Carter, in his article in the Nebraska Law Review, called the Nuremberg Trials "...a turning point in the enforcement of international law..." (26). Col. Telford Taylor, onetime assistant to Jackson and later chief U.S. counsel for the 12 later trials, recalled Jackson's words "...if it [IMT] is to serve any useful purpose it must condemn aggression by any other nations, including those who sit here now in judgment" (27). Was Nuremberg a turning point in international law? Was the framework that was now in place able to deal with later acts of aggression? The answer is no on both counts. The "turning point" was in many ways a disgrace to the American commitment to fair and equal justice. Francis Biddle, American member to the IMT wrote in his article to American Heritage that "...the U.S. judges knowingly permitted the Soviet prosecutor to admit false evidence against the defendants" (28). There were no writs of "habeas corpus." Bohuslav Kucera, Chairman of the Czechoslovak Socialist Party in 1980, wrote in his article to the World Marxist Review that "We must note that capitalist powers who signed the charter...have not been abiding by the adopted norms of international law." He continued "On the very next day after [the signing of the charter in London]...a U.S. aircraft dropped an atomic bomb on Nagasaki, killing thousands of civilians" (29). The Soviet [Russian] government did not, until October of 1992, give an official apology for the Katyn massacre, an act which was certainly as heinous as Lidice or any other mass murder which took place outside of the concentration camps, nor did it apologize to Poland (for 1939) or Finland (for 1940).

Wars of aggression and aggressive acts have taken place since Nuremberg. Korea, the Middle East, the Near East, Vietnam, Kampuchea, Hungary, Czechoslovakia, parts of Africa, and presently parts of the old Yugoslav republic has seen or are now experiencing the same issues which were on the docket at Nuremberg. The problem of superior command had a dramatic return with the My Lai tragedy as well as reports of Russian [Soviet] misconduct in Afghanistan. Reports of mass genocide and "ethnic cleansing" are a reality in Bosnia. Former U.S. Attorney General Ramsey Clark called the bombing of civilian areas of Iraq a war crime. Others have called for the arrest of Saddam Hussein for war crime and human rights abuses (30).

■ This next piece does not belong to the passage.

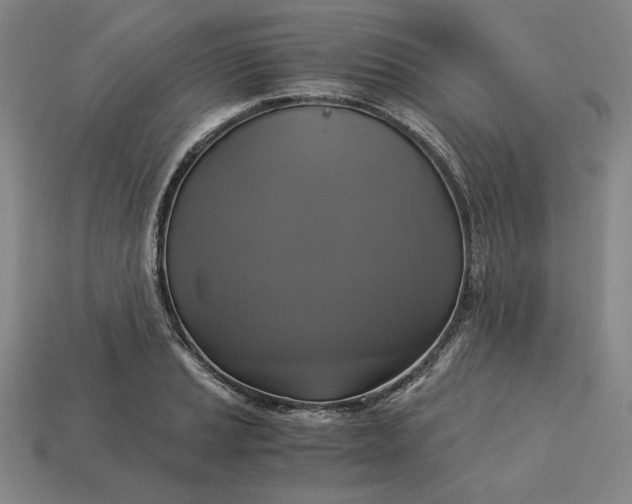 X0000113141037200909181725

However, as long as war remains a political weapon of sovereign nations there is little hope that any lessons will be learned from Nuremberg. I am reminded of a most famous Latin quote 'Quis custodiet ipsos custodes?' Who shall guard the guards? Apply this idea to the conduct of the four major powers who sat in judgment at Nuremberg. Who shall judge the judges? After all, jurists the world over know that judges do not sit in judgment on themselves. It would be a tragedy if this were to be the only truth to emerge from Nuremberg.